• [Task objective] Could you reproduce the entries exactly, omitting every picture?

Captioned web images
⁂
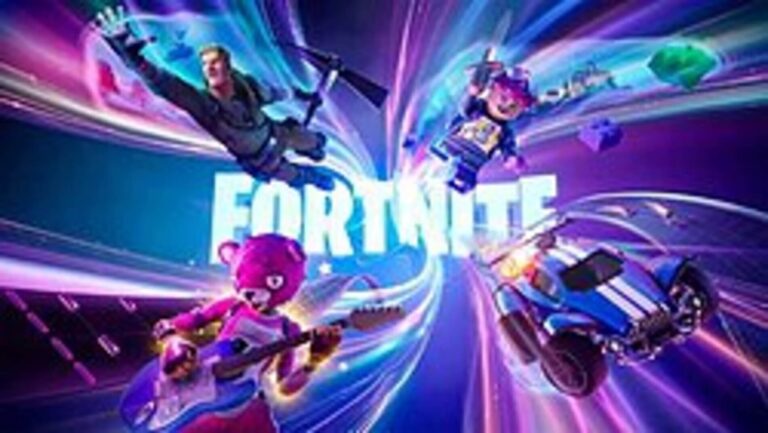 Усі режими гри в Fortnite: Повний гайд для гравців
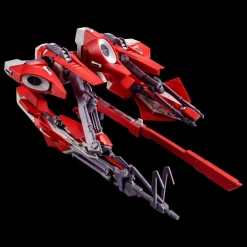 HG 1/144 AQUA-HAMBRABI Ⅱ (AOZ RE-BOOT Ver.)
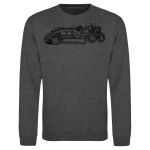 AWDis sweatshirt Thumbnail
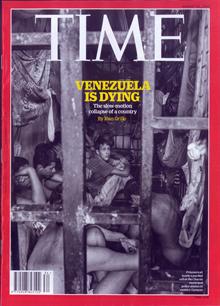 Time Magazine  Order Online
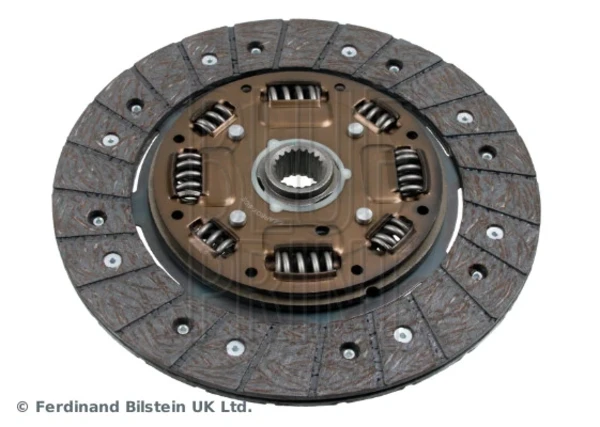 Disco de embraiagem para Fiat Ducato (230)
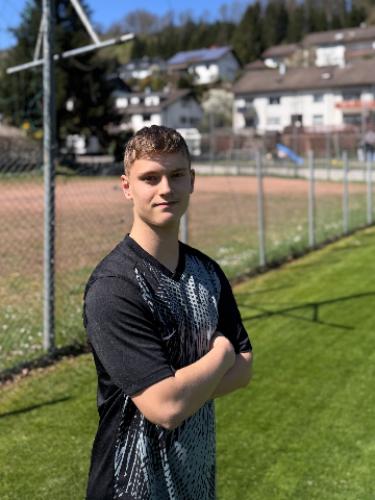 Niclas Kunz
⁂
• [Response box]
 Усі режими гри в Fortnite: Повний гайд для гравців
 HG 1/144 AQUA-HAMBRABI Ⅱ (AOZ RE-BOOT Ver.)
 AWDis sweatshirt Thumbnail
 Time Magazine  Order Online
 Disco de embraiagem para Fiat Ducato (230)
 Niclas Kunz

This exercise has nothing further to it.